▸ Problem statement:
Please state how many lines in the records contain the string "that", with no words besides the number.

▸ Available data:
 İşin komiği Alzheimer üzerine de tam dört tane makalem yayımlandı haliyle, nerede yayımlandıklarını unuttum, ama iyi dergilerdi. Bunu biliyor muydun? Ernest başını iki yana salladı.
--
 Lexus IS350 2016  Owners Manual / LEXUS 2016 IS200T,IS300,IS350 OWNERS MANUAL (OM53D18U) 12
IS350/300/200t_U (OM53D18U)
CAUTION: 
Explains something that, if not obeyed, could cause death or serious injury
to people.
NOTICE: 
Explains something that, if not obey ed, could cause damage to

▸ Task result:
2